Album Review: Pale Blue Dot — Anatomy

From a music standpoint, Charlottesville, Virginia is perhaps best known for the jam-band hero Dave Matthews (who’s South African, but is associated with the city). Appalachian music plays a part in the city’s scene as well. So Pale Blue Dot is something of an anomaly. Hard-driving melodic rock and concise songwriting are the hallmarks of the group. Soaring tunes are the specialty of leader Tony LaRocco, and on Anatomy, the band’s debut full length (there was an EP in 2016, reviewed here), he delivers.

“I Know” sounds like a single in the vein of vaguely alternative ‘90s rock. “Only Love” sounds like a cross between The Cure’s “In Between Days” and John Mellencamp, if you can imagine such a thing. Oddly, it works. Anatomy is a varied set of songs, unified around a rock aesthetic. LaRocca’s raspy yet supple vocals are the mortar that holds the bricks (songs) together as a cohesive album.

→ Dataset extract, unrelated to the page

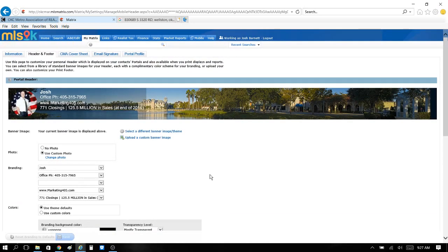Hope you guys like this — give it a big thumbs up, share with all your friends, and be sure to thank our MLS staff. They are the best at helping us get these videos out to you. Have a great day!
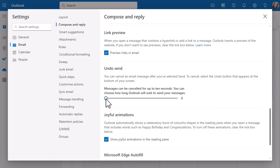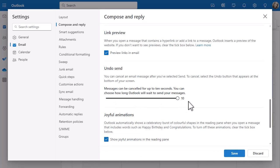10 seconds isn't a massive amount of time, so I'm going to set it to 10 seconds. It's not going to impact me at all when I'm sending a message — it's really not a long time. But this means now I can cancel it up to 10 seconds if I make an error. So let's click Save, and let's send a message and see what that looks like.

The instrumentation is taut and expressive, but for the most part the musicians – LaRocca on guitar plus Peter Balogh on guitar, bassist Drew Pompano and drummer Darby Wooten – never call attention to themselves, instead letting the songs be the focus. Story-songs like “The Harlot and the Gambler” take awhile to unfold, but that simmering slow burn approach is an effective technique. “Lo and Behold” subtly makes use of mandolin and pedal steel; it’s slightly out-of-place on this album, but in the end the song’s quality — and one of LaRocca’s strongest vocal turns — justifies its inclusion. (A brief unlisted, unnamed one-chord instrumental coda closes the album.)